Ostensibly, Take Me Out is about a major league baseball superstar coming out as gay during the 2002 game season. Since we are currently living in an era of same-sex marriage and the flinging open of a great many closet doors among celebrities in a wide range of fields, it would seem something of a dated notion to wrap an entire play around the coming out of one baseball player. And yet, even now, only a smattering of minor league or retired players have done so, and not even one active major leaguer, at least not publicly. So, yes, the story of the fictional character of Darren Lemming (Jesse Williams), a superstar player for a team called the Empires (presumably a stand-in for the New York Yankees), has, unfortunately, retained its relevance.
Still, Greenberg is never one to put all his eggs in one basket. He has a lot more on his mind than just this one plot point. Indeed, you might say that the main character is not Lemming or any of the others on stage at all. Instead, it is the game of baseball itself, examined through its players and coaches and fans, in this instance all of them male.
More precisely, Greenberg uses baseball to engage in a discourse on mano-a-mano masculinity, from chest-thumping to the pecking order of professional collegiality to casual and deeper friendships, and to a yearning for belonging. Significantly, while there are two important gay characters, there are no gay relationships on view or even talked about.
And despite the setting, much of it in a locker room where heavy doses of full-frontal male nudity are on display, along with the baseball jargon that is casually tossed around, Take Me Out is a play that will speak to a wide-ranging audience, even when it opts for breadth over depth and a heavy dose of narrative to push the plot along.
Much of that narrative is presented directly to the audience by one of Lemming's teammates, his pal Kippy Sunderstrom (Patrick J. Adams, a charming and consummate storyteller). Kippy promises to fill us in on how "the whole mess" got started. But first, he wants us to understand that Lemming is someone from whom "mess does not flow forth," not only a superhero ballplayer but a man who seems to have led a charmed life: "His white father. His Black mother. Their triumphant yet cozy middle-class marriage. A Black man you could imagine had never suffered."
The plot strand involving this pair takes up one chunk of the story and, thanks to Greenberg's skilled use of language, it leads to outcomes that mix the predictable with elements of the gasp-inducing unexpected. Weaving in and out of the unfolding events are the other members of the ball team, many of whom have their own special moments, thanks to Greenberg's skill at creating supporting characters who are compelling in their own right. One stand-out is Julian Cihi as Takeshi Kawabata, a Japanese member of the team, from whom we learn of the loneliness he faces as a non-English speaking outsider. We also come to realize that a "team" is simply of group of disparate men who come together in a professional capacity for practice and the games, only occasionally forming sustaining bonds of friendship, comradery, and brotherhood.

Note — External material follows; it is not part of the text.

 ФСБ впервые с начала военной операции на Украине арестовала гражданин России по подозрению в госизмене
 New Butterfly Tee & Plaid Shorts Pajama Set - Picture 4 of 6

And, finally, there is the outsider, Mason Marzac (Jesse Tyler Ferguson), Lemming's self-deprecating hero-worshipping business manager, a gay man and a misfit. When he first meets Lemming, he gushes: "What you've done is a very wonderful thing for the community," before adding, "Of course, I don't really have a community. Or, more precisely, the community won't really have me." That, in a nutshell, describes Marzac, who goes on to become the Empires' biggest fan, relishing the sense that, at last, he belongs to a community that will have him as one of its own.
In the original Broadway production, the role of Marzac was played by Denis O'Hare, whose performance was so magnificently neurotic that at times it seemed the play revolved around him. O'Hare did win a Tony for his performance, but here director Scott Ellis has gotten Ferguson (a terrific comic actor in his own right) to pull back enough so that Marzac becomes more of a team player. And that's as it should be, because more than anything, Take Me Out represents a winning team effort. Go for the naked guys if you'd like, but stay for the wonderful weave of stories performed by a terrific ensemble of actors.